Manejo “economicista” de la salud

Señor Director:

Escribo la presente para realizar un reclamo sobre mi obra social Unión Personal. En la localidad de Tandil, en donde actualmente resido, existen dos “categorías de médicos”, una que se llama Agremiación Médica y la otra el Círculo Medico. ¿Cuál es la diferencia? ¿La administración? No lo sé, lo cierto es que, como sucede siempre, el único perjudicado es el “afiliado”.

¿Por qué afirmo este postulado? Porque el afiliado no tiene la menor idea de por qué existen estas dos categorías, nadie se preocupa por explicar, nadie reclama, nadie hace nada. Lo cierto es que si hago una comparación futbolística, una de estos “médicos” juegan en primera y los otros en tercera categoría -me refiero a las prestaciones médicas (no a la idoneidad profesional) que son distintas, unos atienden en las dos clínicas más conocidas (Chacabuco y Sanatorio Tandil) y los otros, en su mayoría, en el Hospital Santamarina.

Mi obra social entró en “conflicto” con Círculo Médico (“los que juegan en primera”), razón por la cual uno o no se puede atender, o en el mejor de los casos, debe abonar la consulta y/o la internación de su propio bolsillo para luego ir al “sistema de reintegros”, una suerte de agujero negro en donde uno entra, pero no sabe “cómo salir”, no sabe cuándo ni cómo le reintegrarán (si es que se dignan) el dinero que abonó y… ¿si uno no cuenta con ese dinero qué hace? Esa sería la primera pregunta. Eso obviamente no está contemplado como posibilidad, uno siempre tiene que contar con dinero.

Ante esta situación que ya tiene unos cuantos meses de ocurrencia, justamente en una época de pandemia mundial en donde “no es muy conveniente” quedarse sin cobertura médica, uno opta por el cambio de la obra social. Mi consulta fue hacia OSPE (la de los petroleros) que parece ser que (como siempre sucede por algún tiempo) es la que está de moda, la que presenta mejores servicios.

Cuando realizo la consulta, me informan que hay dos planes “superadores” que ofrece la mencionada obra social, con un sinnúmero de beneficios que, en la circunstancia mencionada, son mucho mejores que los de Unión Personal. Todo bien hasta que (siempre hay un pero) me consultan sobre mi edad (61 años), en ese momento no se podría decir que me cortaron, pero me abortaron toda posibilidad de contar con algún beneficio, esto es, básicamente, olvídese de todo, lo único que le corresponde es el “famoso” PMO (Plan Médico Obligatorio) que es una suerte de PAMI adelantado: “Siga con su obra social acá lo único que le damos es el Hospital con lo básico”.

Realmente me sentí discriminado, rechazado. Sigo realizando esta suerte de “catarsis reflexiva” y me pregunto entonces:

-Si yo sigo teniendo una edad en donde estoy trabajando de manera activa, ¿por qué me “jubilan anticipadamente” en una obra social? ¿O no sigo realizando aportes? ¿Mis aportes son diferentes a los de un “joven”?

-¿Por qué cuando uno es joven (más joven) las obras sociales ofrecen 50 mil prestaciones que el “joven” no utiliza?

-Las obras sociales ¿no son eso, “sociales”, no deberían tener una mirada social? ¿O son entidades financieras que la única intención que tienen es la de ganar plata?

-¿La gente que hoy tiene 20, 30… 50 años no piensa que alguna vez (con suerte) pueden llegar a tener 60, 70… 90 años?

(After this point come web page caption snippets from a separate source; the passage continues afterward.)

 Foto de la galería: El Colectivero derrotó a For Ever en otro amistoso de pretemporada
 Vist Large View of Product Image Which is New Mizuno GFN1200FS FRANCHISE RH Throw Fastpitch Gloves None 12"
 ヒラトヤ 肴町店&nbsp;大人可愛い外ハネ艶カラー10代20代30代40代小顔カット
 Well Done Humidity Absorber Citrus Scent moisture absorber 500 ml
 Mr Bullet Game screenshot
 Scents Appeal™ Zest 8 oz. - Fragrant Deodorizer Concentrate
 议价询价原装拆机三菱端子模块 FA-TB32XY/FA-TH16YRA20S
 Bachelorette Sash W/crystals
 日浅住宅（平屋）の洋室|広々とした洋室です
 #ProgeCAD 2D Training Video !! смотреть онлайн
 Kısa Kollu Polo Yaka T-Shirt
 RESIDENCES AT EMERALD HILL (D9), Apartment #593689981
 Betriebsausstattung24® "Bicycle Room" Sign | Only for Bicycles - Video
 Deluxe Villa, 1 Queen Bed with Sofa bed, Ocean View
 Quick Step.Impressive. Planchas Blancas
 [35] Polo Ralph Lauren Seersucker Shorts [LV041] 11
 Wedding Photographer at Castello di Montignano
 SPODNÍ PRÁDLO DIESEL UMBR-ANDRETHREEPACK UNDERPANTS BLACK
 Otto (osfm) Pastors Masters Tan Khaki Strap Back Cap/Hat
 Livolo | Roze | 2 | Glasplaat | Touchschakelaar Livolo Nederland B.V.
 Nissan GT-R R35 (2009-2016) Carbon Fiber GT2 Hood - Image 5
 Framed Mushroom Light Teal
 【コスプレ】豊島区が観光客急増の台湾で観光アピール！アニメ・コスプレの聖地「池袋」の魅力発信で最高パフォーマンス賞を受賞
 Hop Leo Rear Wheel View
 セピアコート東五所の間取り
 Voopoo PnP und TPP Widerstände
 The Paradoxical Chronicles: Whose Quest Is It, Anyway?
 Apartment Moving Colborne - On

Sólo me queda una reflexión: ¡maldito sistema médico que lo único que hace es comercializar con la salud!

Entré en la etapa “descartable”, en la etapa en la que uno no es que “pierde beneficios”, se los roban. ¿Qué es lo que debo hacer? ¿Debo aceptar que UP mantenga un conflicto hasta que se le dé la gana, o hasta que haga un pingue ganancia comercial con sus afiliados? ¿Debo admitir que entré en la etapa en donde todos mis derechos son cercenados? ¿O uno ya directamente debe suicidarse para no seguir generando “problemas” en esta sociedad?

No me queda muy claro si este reclamo será leído por alguien, tampoco me queda claro que obtenga una respuesta a esta esquela… imagínese el grado de seguridad que uno tiene sobre la resolución de este conflicto.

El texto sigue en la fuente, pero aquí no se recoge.